Wednesday at Hamline Midway Library in St. Paul: Linda LeGarde Grover. The award-winning Minnesota author discusses and signs her new novel, “The Road Back to Sweetgrass,” which follows three American Indian women from the 1970s to the present. LeGarde Grover is a member of the Bois Forte band of Ojibwe. 7 p.m. by the library’s working fireplace, with coffee, cider and cookies. Free and open to the public.

Wednesday at the O’Shaughnessy in St. Paul: Béla Fleck and Abigail Washburn. Fleck (and, closer to home, Paul Metzger) opened our ears to the banjo. Fleck and his wife, Abigail Washburn, are touring behind their first duo release, a voice-and-banjo recording of old and new songs rooted in Appalachian traditions. Co-presented with the Dakota. 7:30 p.m., FMI and tickets ($29-$63).

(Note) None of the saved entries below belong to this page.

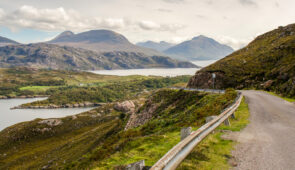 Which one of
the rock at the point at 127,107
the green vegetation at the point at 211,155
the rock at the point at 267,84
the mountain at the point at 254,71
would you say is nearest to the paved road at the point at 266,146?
the green vegetation at the point at 211,155

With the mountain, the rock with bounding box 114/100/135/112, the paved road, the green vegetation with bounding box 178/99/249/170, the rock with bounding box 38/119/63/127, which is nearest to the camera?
the green vegetation with bounding box 178/99/249/170

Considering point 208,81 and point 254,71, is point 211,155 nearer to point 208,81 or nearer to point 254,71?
point 208,81

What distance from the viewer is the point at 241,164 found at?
791 centimetres

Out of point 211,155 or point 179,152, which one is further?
point 211,155

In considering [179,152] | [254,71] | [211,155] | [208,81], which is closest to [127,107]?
[208,81]

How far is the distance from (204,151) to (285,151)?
12.0 ft

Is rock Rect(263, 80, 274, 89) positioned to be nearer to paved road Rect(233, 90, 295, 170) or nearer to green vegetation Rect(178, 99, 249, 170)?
paved road Rect(233, 90, 295, 170)

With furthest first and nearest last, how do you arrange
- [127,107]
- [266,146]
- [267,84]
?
[127,107] < [267,84] < [266,146]

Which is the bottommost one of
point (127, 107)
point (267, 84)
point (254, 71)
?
point (127, 107)

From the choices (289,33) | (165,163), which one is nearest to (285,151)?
(165,163)

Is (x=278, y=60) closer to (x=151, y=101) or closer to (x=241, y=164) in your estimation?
(x=151, y=101)

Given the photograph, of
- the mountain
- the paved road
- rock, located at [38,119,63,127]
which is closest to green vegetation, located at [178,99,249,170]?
the paved road

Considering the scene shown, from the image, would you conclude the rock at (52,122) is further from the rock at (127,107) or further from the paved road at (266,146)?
the paved road at (266,146)

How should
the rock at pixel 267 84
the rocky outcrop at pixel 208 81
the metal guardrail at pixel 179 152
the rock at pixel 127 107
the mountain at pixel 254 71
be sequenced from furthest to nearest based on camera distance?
the rock at pixel 127 107 < the rocky outcrop at pixel 208 81 < the mountain at pixel 254 71 < the rock at pixel 267 84 < the metal guardrail at pixel 179 152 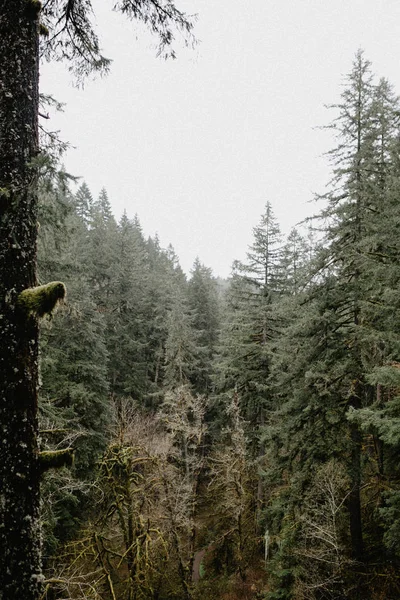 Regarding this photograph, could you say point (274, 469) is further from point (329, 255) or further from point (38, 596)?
point (38, 596)

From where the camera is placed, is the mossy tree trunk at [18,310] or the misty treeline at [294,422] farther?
the misty treeline at [294,422]

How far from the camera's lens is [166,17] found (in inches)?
169

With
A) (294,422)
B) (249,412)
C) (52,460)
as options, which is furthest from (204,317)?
(52,460)

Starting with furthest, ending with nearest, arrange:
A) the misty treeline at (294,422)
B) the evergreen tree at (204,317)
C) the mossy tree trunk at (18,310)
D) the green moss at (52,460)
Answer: the evergreen tree at (204,317) < the misty treeline at (294,422) < the green moss at (52,460) < the mossy tree trunk at (18,310)

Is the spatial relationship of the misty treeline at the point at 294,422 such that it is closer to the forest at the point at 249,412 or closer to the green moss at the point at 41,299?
the forest at the point at 249,412

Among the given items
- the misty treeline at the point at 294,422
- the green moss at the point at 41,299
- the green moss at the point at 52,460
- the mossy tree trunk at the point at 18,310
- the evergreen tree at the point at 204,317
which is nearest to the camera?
the mossy tree trunk at the point at 18,310

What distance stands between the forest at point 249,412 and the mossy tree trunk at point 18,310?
0.01 m

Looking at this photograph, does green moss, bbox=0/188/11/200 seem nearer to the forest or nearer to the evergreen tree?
the forest

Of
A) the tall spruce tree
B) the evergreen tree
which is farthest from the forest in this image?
the evergreen tree

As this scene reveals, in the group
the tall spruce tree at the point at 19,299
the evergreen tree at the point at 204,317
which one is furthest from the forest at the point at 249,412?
the evergreen tree at the point at 204,317

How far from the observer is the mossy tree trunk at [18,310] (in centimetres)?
254

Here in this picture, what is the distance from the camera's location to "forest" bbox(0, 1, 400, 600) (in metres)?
2.79

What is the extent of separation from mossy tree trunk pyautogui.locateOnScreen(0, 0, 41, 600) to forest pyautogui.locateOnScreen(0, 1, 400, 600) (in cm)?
1

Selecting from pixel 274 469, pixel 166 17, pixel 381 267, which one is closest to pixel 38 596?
pixel 166 17
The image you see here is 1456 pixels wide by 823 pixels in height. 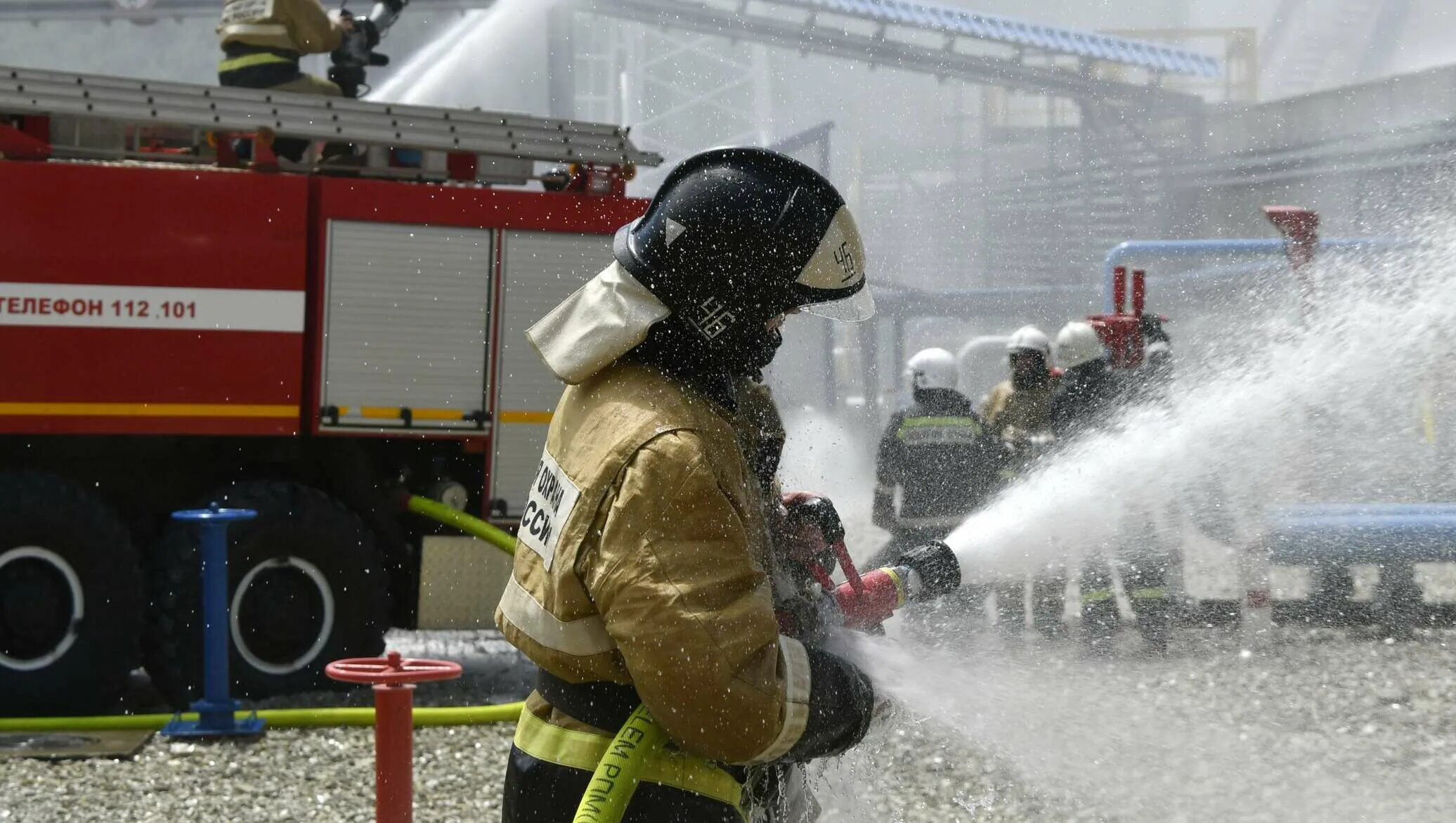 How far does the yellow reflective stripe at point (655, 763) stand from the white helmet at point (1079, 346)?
6451 mm

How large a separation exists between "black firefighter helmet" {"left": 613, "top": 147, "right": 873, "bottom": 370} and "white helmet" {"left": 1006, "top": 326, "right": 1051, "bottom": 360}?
664 cm

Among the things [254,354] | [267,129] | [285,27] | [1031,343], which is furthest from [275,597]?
[1031,343]

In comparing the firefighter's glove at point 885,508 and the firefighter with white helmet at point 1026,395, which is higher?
the firefighter with white helmet at point 1026,395

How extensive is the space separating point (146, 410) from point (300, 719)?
4.86 feet

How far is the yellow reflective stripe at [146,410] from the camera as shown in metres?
6.28

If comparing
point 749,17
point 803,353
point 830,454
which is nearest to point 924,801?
point 830,454

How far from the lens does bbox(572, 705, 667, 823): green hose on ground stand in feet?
6.41

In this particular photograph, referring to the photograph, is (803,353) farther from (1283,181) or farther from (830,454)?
(1283,181)

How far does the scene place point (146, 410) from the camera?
253 inches

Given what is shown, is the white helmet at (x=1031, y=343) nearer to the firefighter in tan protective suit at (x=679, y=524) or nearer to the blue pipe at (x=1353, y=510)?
the blue pipe at (x=1353, y=510)

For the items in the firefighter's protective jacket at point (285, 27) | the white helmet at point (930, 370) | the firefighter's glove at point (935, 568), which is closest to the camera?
the firefighter's glove at point (935, 568)

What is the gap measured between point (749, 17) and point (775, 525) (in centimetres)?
2057

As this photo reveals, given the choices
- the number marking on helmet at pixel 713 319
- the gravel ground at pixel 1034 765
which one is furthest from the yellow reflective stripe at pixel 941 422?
the number marking on helmet at pixel 713 319

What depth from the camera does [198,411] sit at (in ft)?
21.3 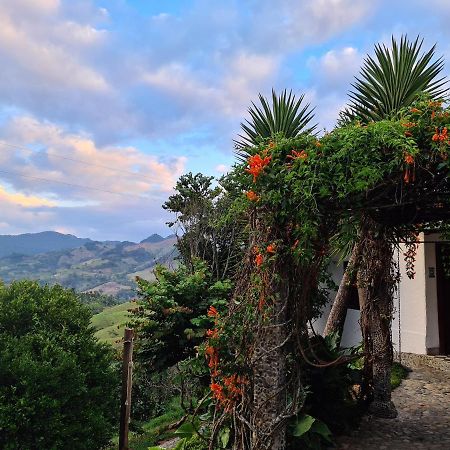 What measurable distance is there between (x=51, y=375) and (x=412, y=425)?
505 cm

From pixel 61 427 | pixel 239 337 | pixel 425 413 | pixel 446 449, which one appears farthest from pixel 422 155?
pixel 61 427

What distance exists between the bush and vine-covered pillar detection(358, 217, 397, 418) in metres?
4.28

Thursday at the Whiting Theatre in the U’s Rarig Center: Kevin Kling’s “The 7 Dwarfs” opens. Set in a “post-Snow White” era, Kling’s comic tale invites you to see life from the dwarves’ perspective. 7:30 p.m. Through March 8. This coming Saturday’s performance features a post-show conversation with Kling and director Michael Sommers. FMI and tickets ($11/$16).

The weekend

Friday and Saturday at Orchestra Hall in Minneapolis: Verdi’s Requiem. Roberto Abbado leads the Minnesota Orchestra, Minnesota Chorale and soloists in Verdi’s mighty, spine-tingling funeral mass. FMI and tickets ($34-$96).